[[ Records for processing open ]]

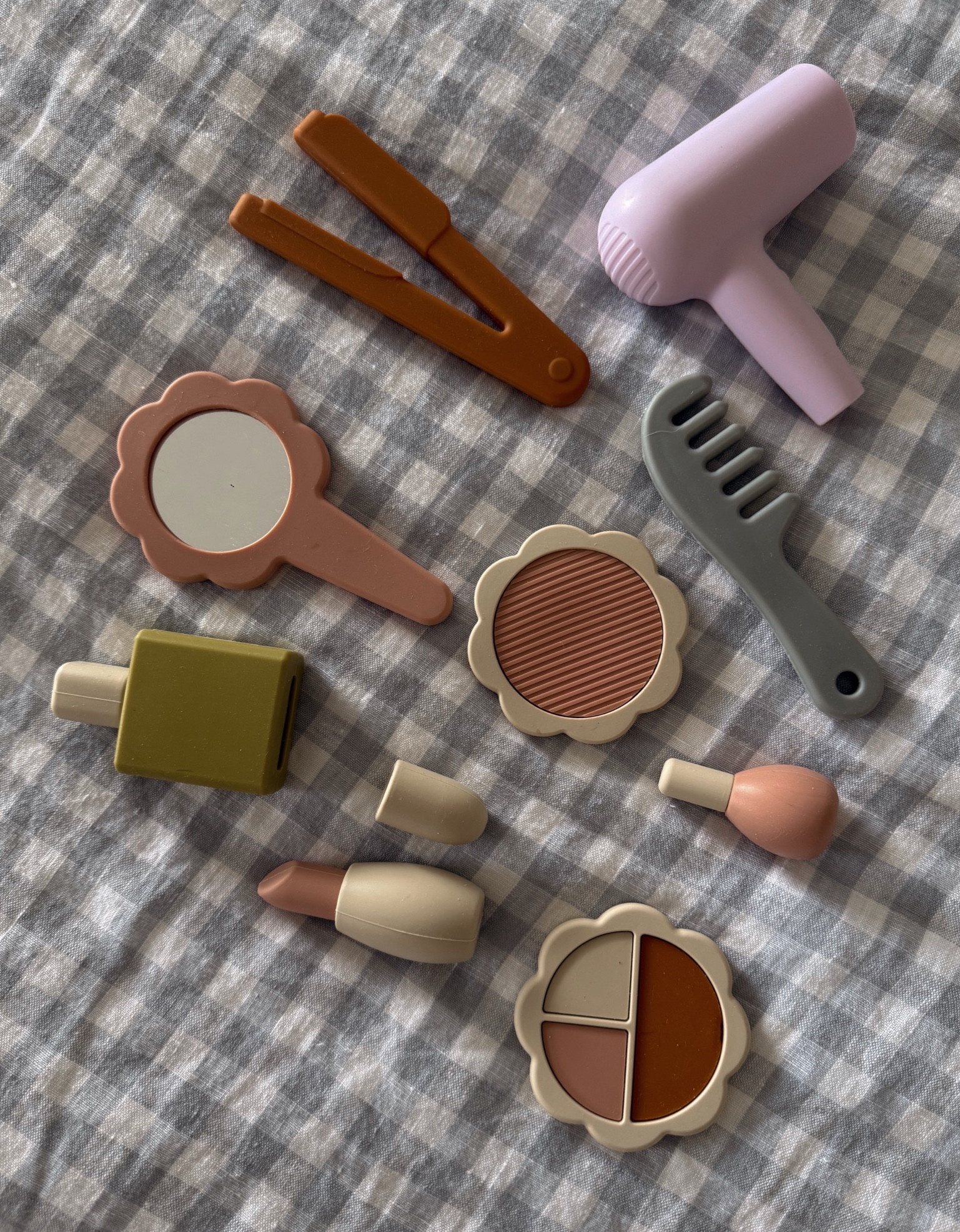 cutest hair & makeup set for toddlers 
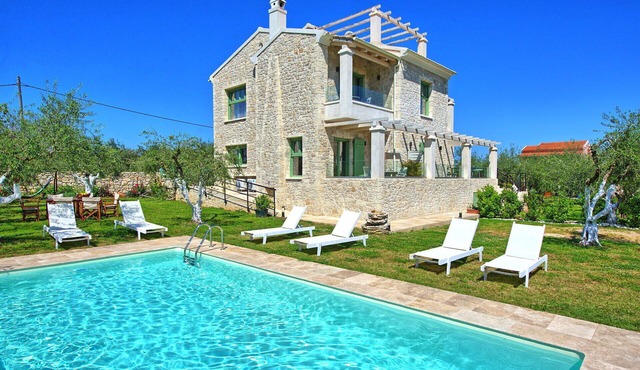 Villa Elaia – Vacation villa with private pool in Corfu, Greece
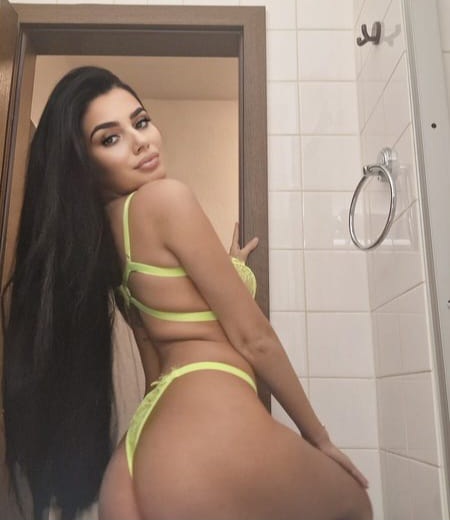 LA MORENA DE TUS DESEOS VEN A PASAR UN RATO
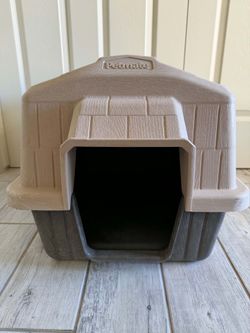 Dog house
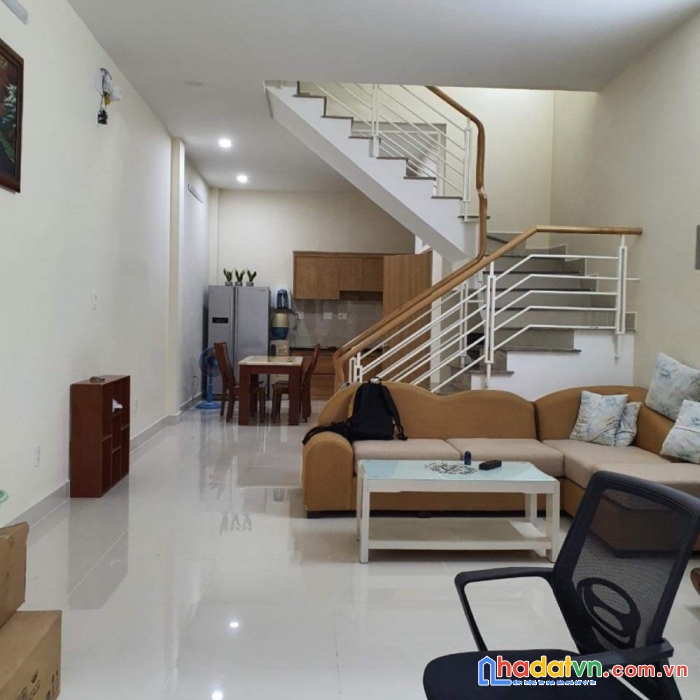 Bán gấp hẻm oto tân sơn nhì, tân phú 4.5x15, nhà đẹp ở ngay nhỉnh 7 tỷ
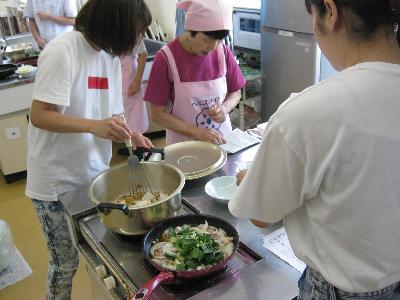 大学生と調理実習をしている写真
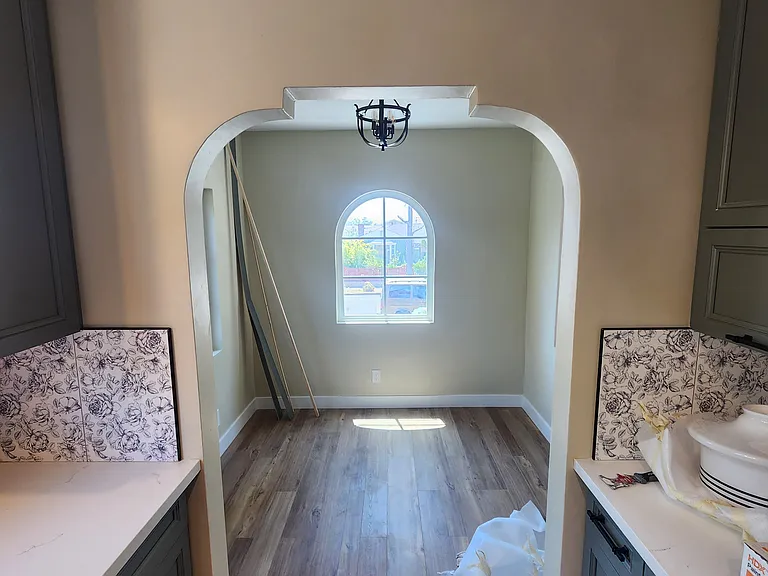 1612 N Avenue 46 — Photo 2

[[ Records for processing closed ]]

▶ **Exercise requirements**: Produce a verbatim copy of all records, minus pictures.

▶ **Reply**:
 cutest hair & makeup set for toddlers 
 Villa Elaia – Vacation villa with private pool in Corfu, Greece
 LA MORENA DE TUS DESEOS VEN A PASAR UN RATO
 Dog house
 Bán gấp hẻm oto tân sơn nhì, tân phú 4.5x15, nhà đẹp ở ngay nhỉnh 7 tỷ
 大学生と調理実習をしている写真
 1612 N Avenue 46 — Photo 2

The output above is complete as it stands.